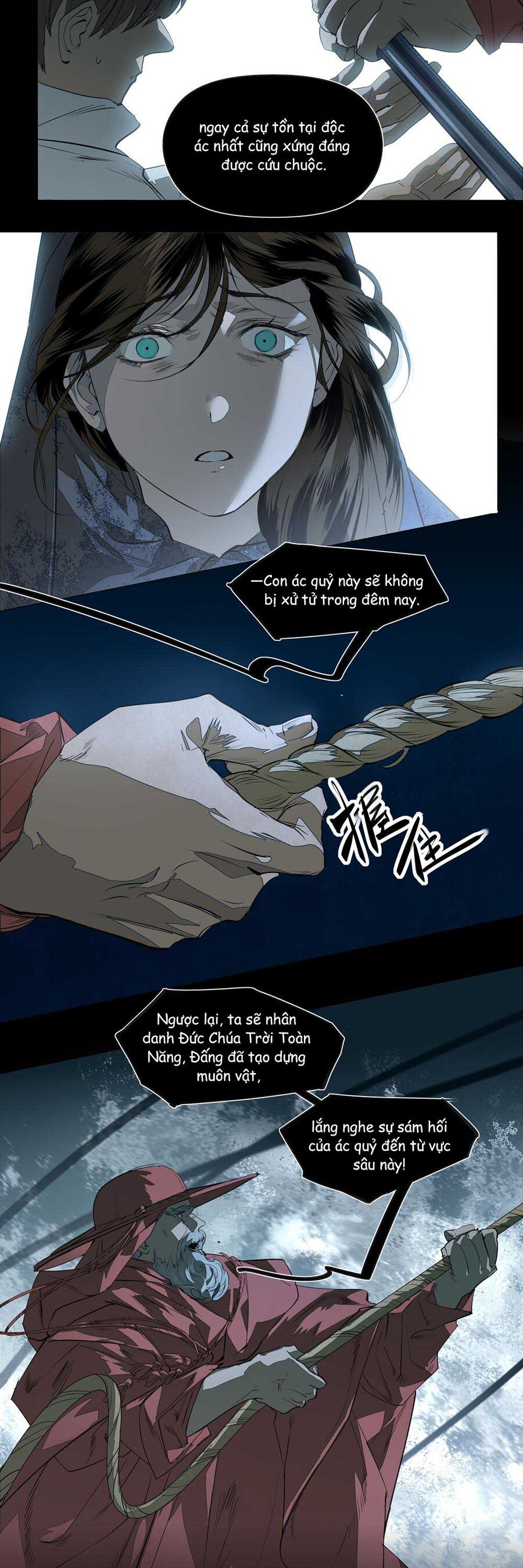 Phong chi chú Chapter 2.3 - Trang 2
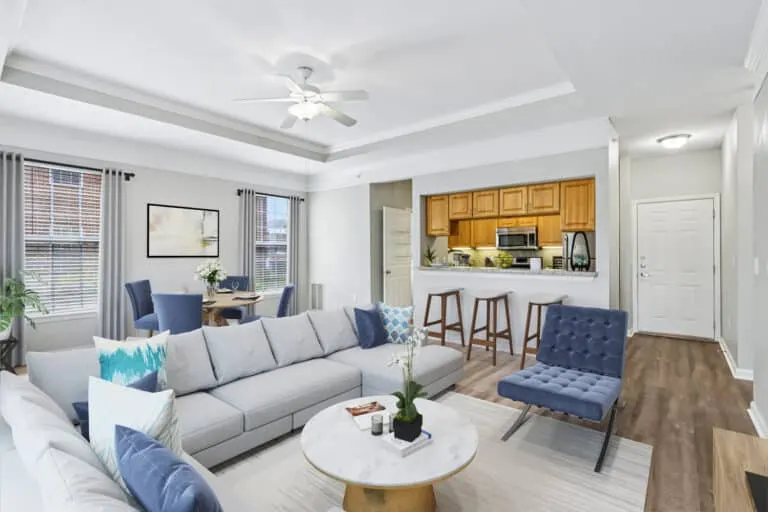 Carmel Center Apartments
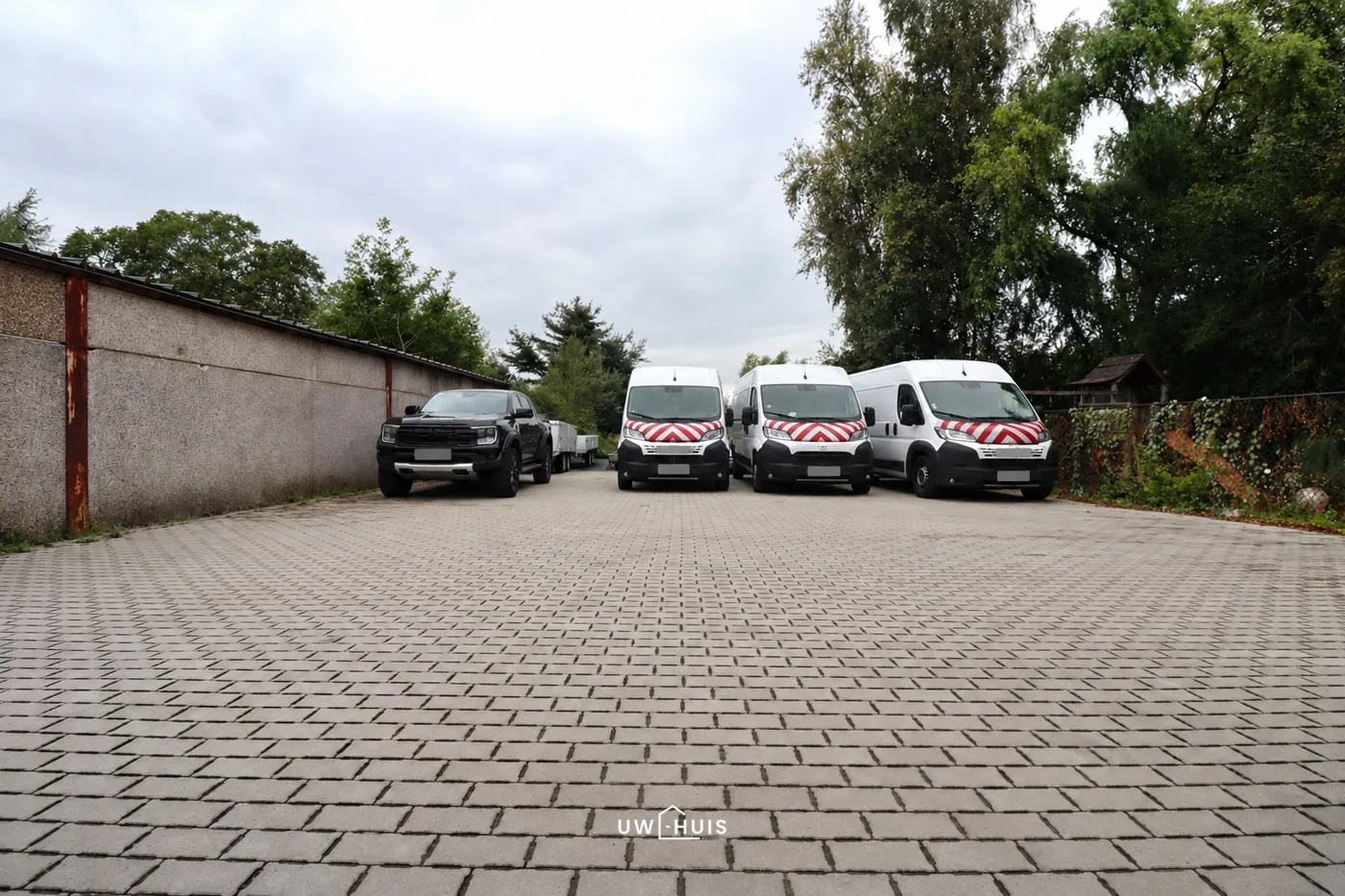 Commercial for rent in Hamme - photo 5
____________
WHAT THE TASK ASKS: In transcribing the material above, reproduce each line exactly and include none of the pictures.

RESULT OF THE EXERCISE:
 Phong chi chú Chapter 2.3 - Trang 2
 Carmel Center Apartments
 Commercial for rent in Hamme - photo 5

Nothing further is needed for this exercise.